> **WORK ITEM**
In the records below, find the line containing "Breevo Air Purifier- Air". Output it and every line after it to the end, unchanged, with no pictures.

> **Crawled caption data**
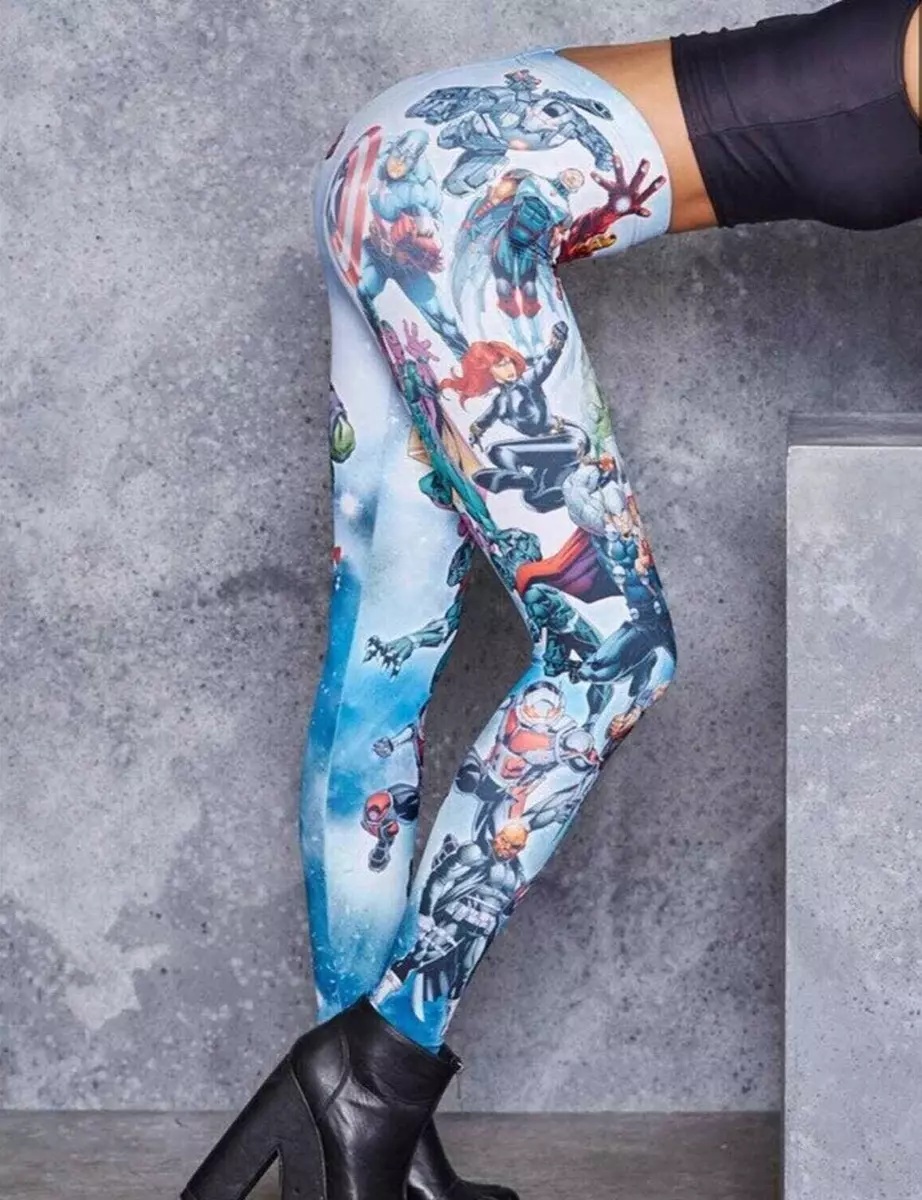 Ensemble leggings clearance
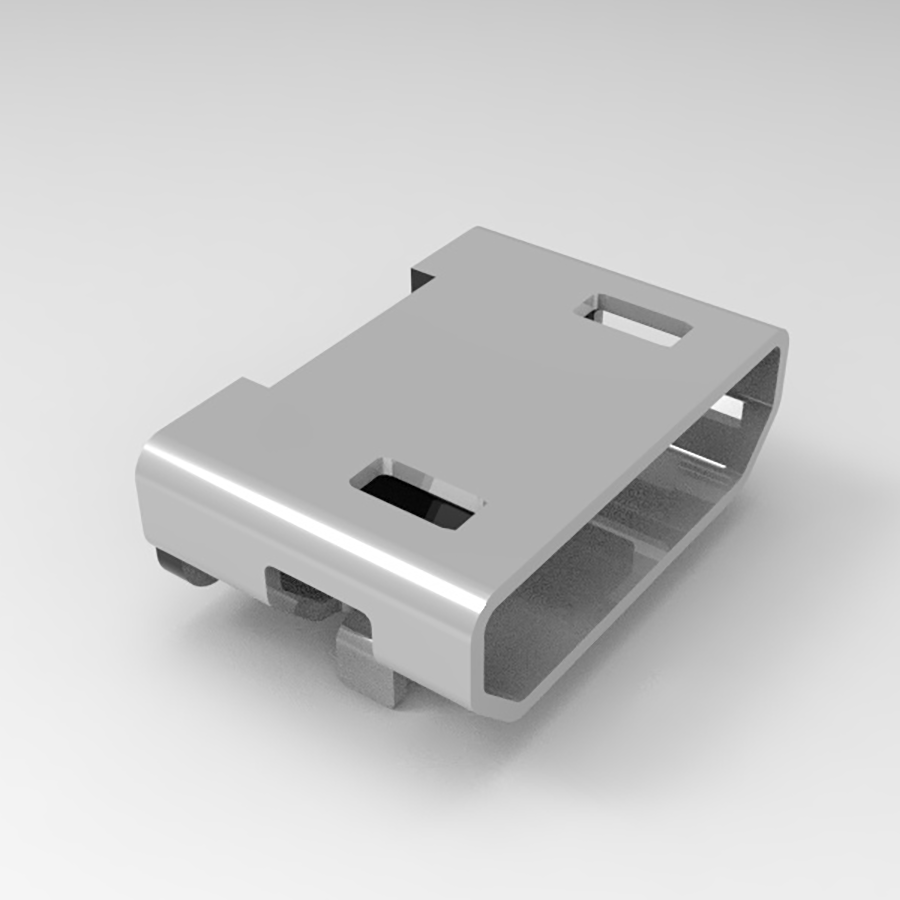 U254-051T-4BH83-F1S-XKB Connectivity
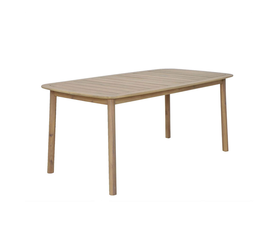 FREELAND ΤΡΑΠΕΖΙ ΦΥΣΙΚΟ 180x96x76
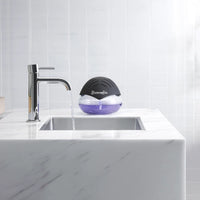 Breevo Air Purifier- Air Washer For Home and Office - Essential Oil Aroma Diffuser With LED Night light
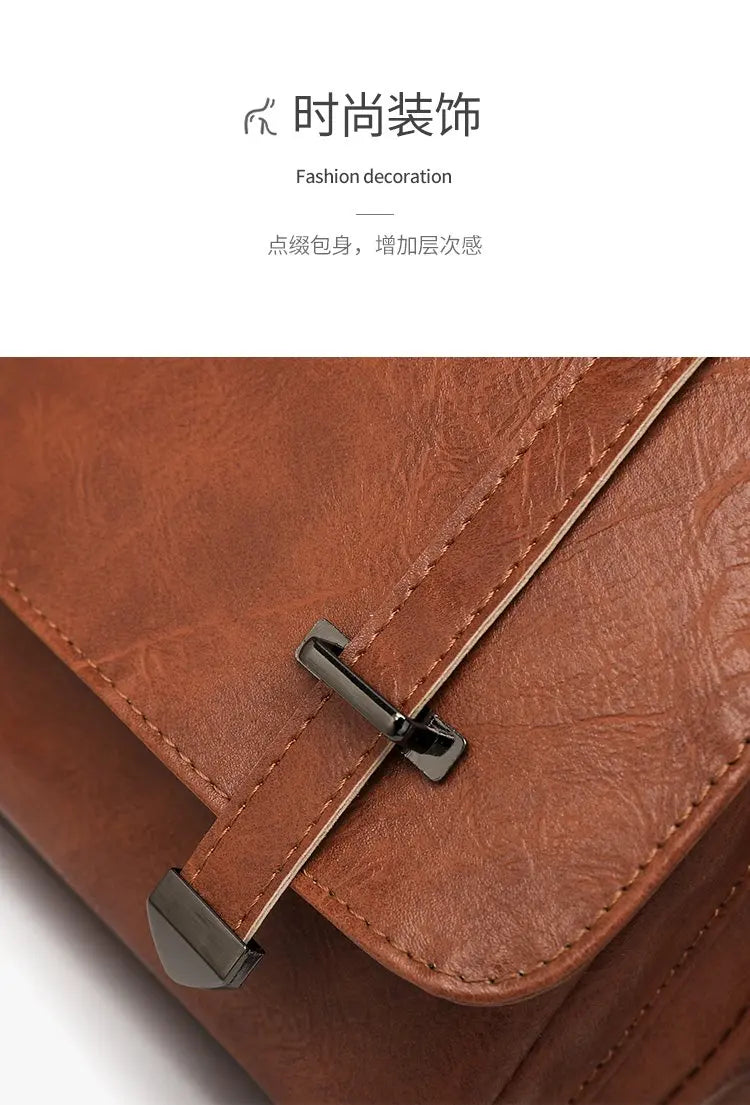 Women's Hand Bag With Trendy Design And High-End Leather Showing Elegant Look For Daily Outings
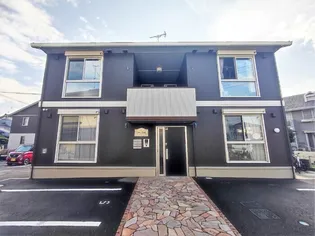 M’sベルル【102号室】の外観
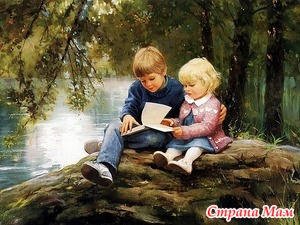 Две замечательные и трогательные сказки!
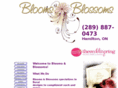 bloomsandblossoms.net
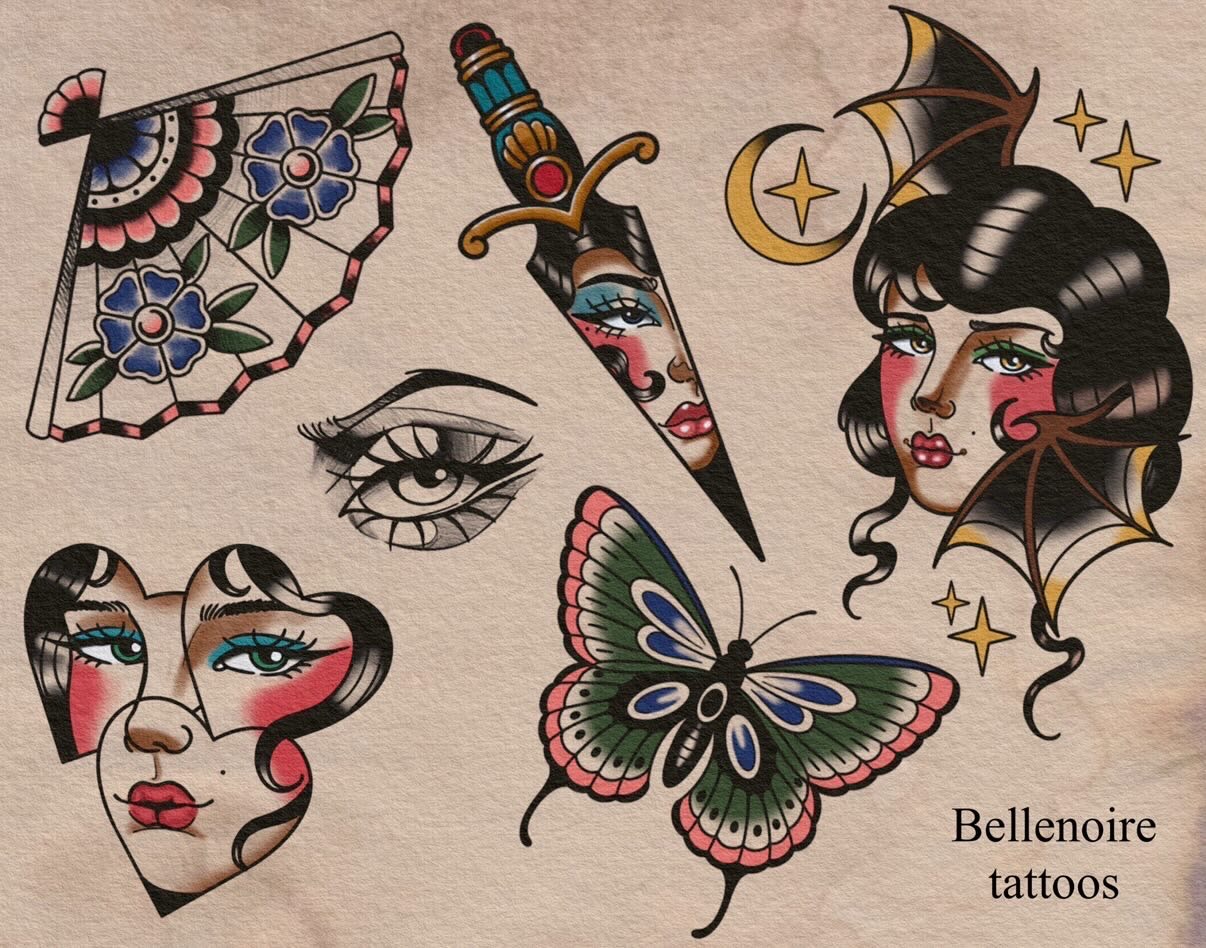 Flash sheet by Austyn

> **EXERCISE RESPONSE**
 Breevo Air Purifier- Air Washer For Home and Office - Essential Oil Aroma Diffuser With LED Night light
 Women's Hand Bag With Trendy Design And High-End Leather Showing Elegant Look For Daily Outings
 M’sベルル【102号室】の外観
 Две замечательные и трогательные сказки!
 bloomsandblossoms.net
 Flash sheet by Austyn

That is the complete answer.